Íbamos a Edimburgo pensando en un partido igualado y digno de una final de la Copa Heineken, pero con los dos maillots de los Leicester Tigers del ropero preparados para el evento y pensando que los irlandeses de Leinster acabarían siendo comidos por muy duros que parecieran.
De comida para tigres nada y aunque los ingleses no fueran un tigretón –empalagoso pastelito industrial de Bimbo para la infancia- se merecieron quedar los segundos, que es quedar en nada a efectos registrales, aunque 66.523 espectadores te ovacionen en Murrayfield.

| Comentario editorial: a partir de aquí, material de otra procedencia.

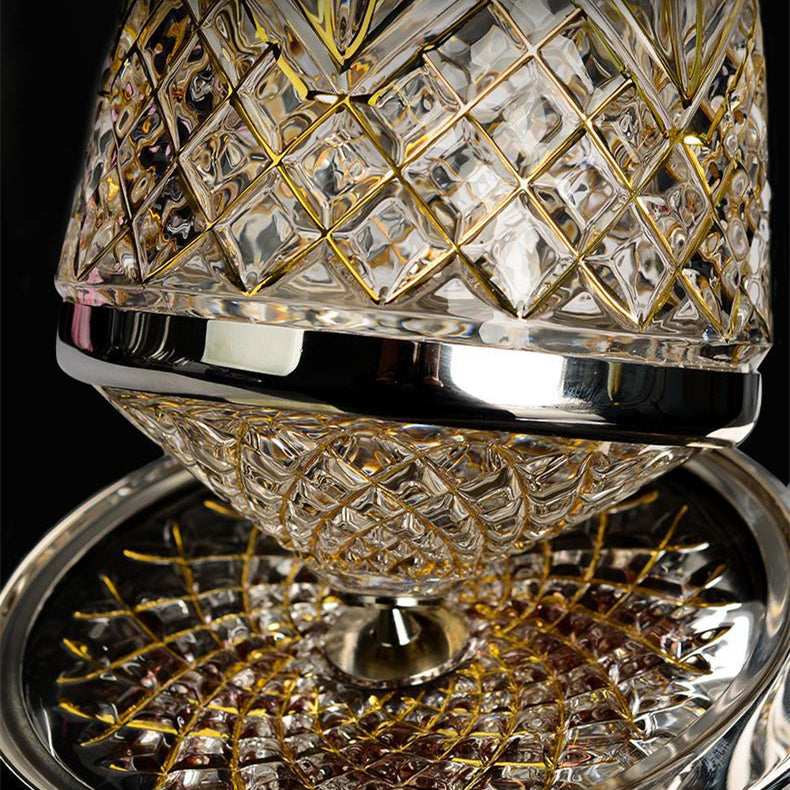 Embossed Gold Accent Wine Glass & Decanter Set with Carrying Case for Elegant Entertaining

El medio millón de habitantes de la ciudad se confunde con los miles de seguidores del rugby que participan en una fiesta infantil colectiva de camaradería sin incidentes reseñables antes, durante y después del partido, en las calles, las tabernas, el estadio... y quizá lo que más me llamó la atención fueron las veces que seguidores del Munster me desearon la victoria de los de Leicester frente a sus hermanos irlandeses, al confundirme con un seguidor rayado, antes del encuentro.
Quería aprovechar mi estancia para buscar recuerdos del incendiario paso escocés por Donostia en 1813 pero superficialmente no encontré nada por los museos que pudiera servir para completar las memorias familiares de aquel herrero francés que pegó sus pecados jacobinos por esta ciudad en aquellos trágicos tiempos, memorias que espero dejar publicables antes del bicentenario.
Edimburgo es un destino turístico reconocido y merece que repitamos la visita más adelante con ocasión rugbística o con otra ocasión cualquiera, aunque sea para hacer un Master en Whisky o cualquier otro anhelo aplazado de nuestra juventud.